Après le passage du fils de Gengis Khan, Tolui puis de son général Eljigidei en 1222, Hérat et de nombreuses autres villes sont détruites et désertées. Avec l’arrivée au pouvoir du mongol Ögödei (1227-1241), les villes peuvent enfin être reconstruites. Au cours de l’invasion mongole la famille Shansabani, dont sont issus les Ghurides, est parvenue à résister dans leur forteresse de Khaysar au sud-est d’Hérat. Le chef de famille Rukr al-Dîn Abû Bakr[4], marié avec une princesse ghuride, et leur fils Chams al-Dîn Muhammad[5] proclament être les héritiers des Ghurides. Au cours de l’année 1245, Chams al-Dîn sort de Khaysar et s’empare d’Hérat. Les Mongols prennent le parti de s’accommoder de lui comme gouverneur local à l’instar de ce qui se produit dans d’autres régions de Perse. Lui et ses successeurs portent le titre de malek (roi)[6].
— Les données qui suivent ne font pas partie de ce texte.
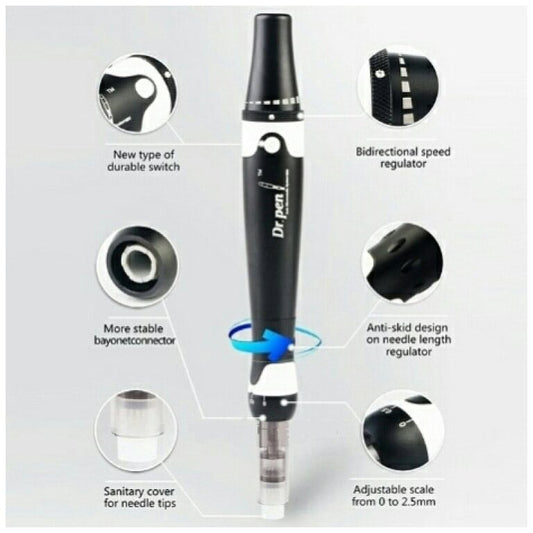 Dr pen Ultima A7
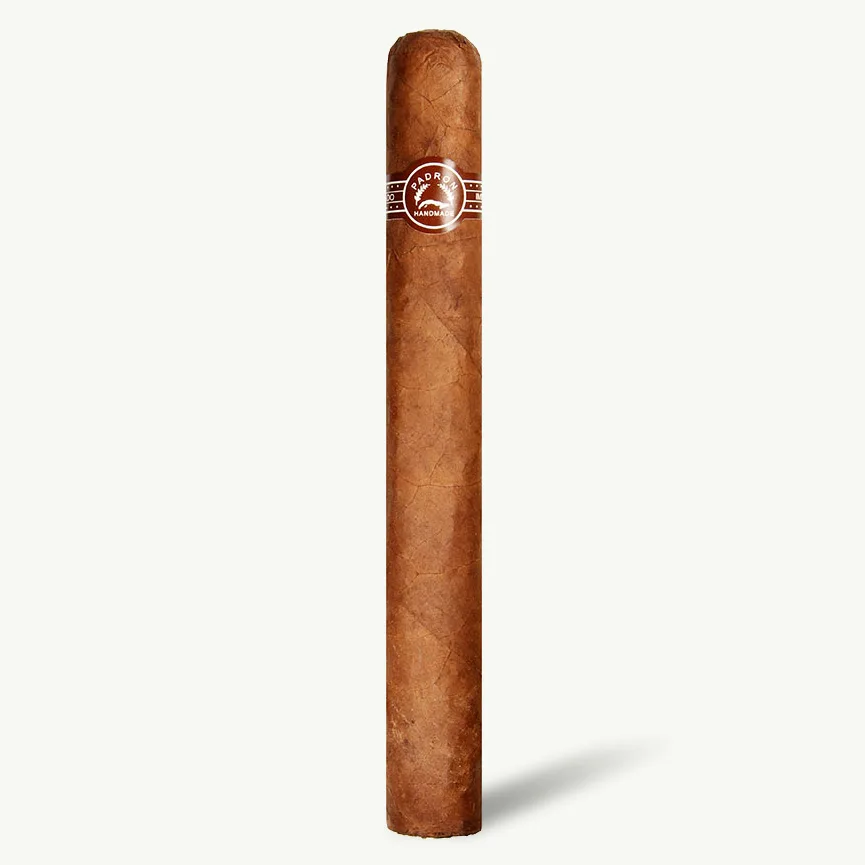Padron Series 4000 Natural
Chams al-Dîn Muhammad a conscience qu’il ne peut pas résister aux Mongols et choisit de mener une politique de collaboration avec eux. Il se joint la campagne menée par les Mongols en 1246 au Pendjab à Multan. Il reste ensuite quelque temps en Inde. En 1251, après l’arrivée au pouvoir de Möngke comme grand khan mongol il se rend à la cour pour faire allégeance. Le nouveau khan le confirme dans ses fonctions et ses possessions. Chams al-Dîn Muhammad étend son domaine vers le sud avec le projet de rejoindre la mer. Cette manœuvre inquiète les Mongols et Chams al-Dîn Muhammad doit les affronter en 1258. Il est malgré tout bien reçu par Hülegü qui s’est emparé de la Perse puis de l’Irak sur l’ordre de son frère Möngke. Hülegü devient le suzerain direct de Chams al-Dîn Muhammad. Hülegü autorise Chams al-Dîn Muhammad à rentrer à Hérat mais exige qu’il cède la province du Sistān[6].

En 1266, Chams al-Dîn Muhammad envoie un contingent en renfort de l’armée d’Abaqa, successeur d’Hülegü, dans une expédition dans le Caucase contre les armées de la Horde d'or menées par Berké. En 1270, apparaît un autre adversaire des Il-khanides, le djaghataï Baraq qui contrôle la Transoxiane. Baraq envahit le Khorassan. Sans doute pour se préserver, Chams al-Dîn Muhammad prend contact avec Baraq. En 1273, Hülegü reprend le contrôle de la situation, mais il ne peut plus voir en Chams al-Dîn Muhammad un allié sûr. En 1276, il reçoit une convocation à la cour, mais il n’est pas autorisé à rentrer à Hérat. Il est envoyé à Bakou puis à Tabriz où il est empoisonné au début de 1278[6].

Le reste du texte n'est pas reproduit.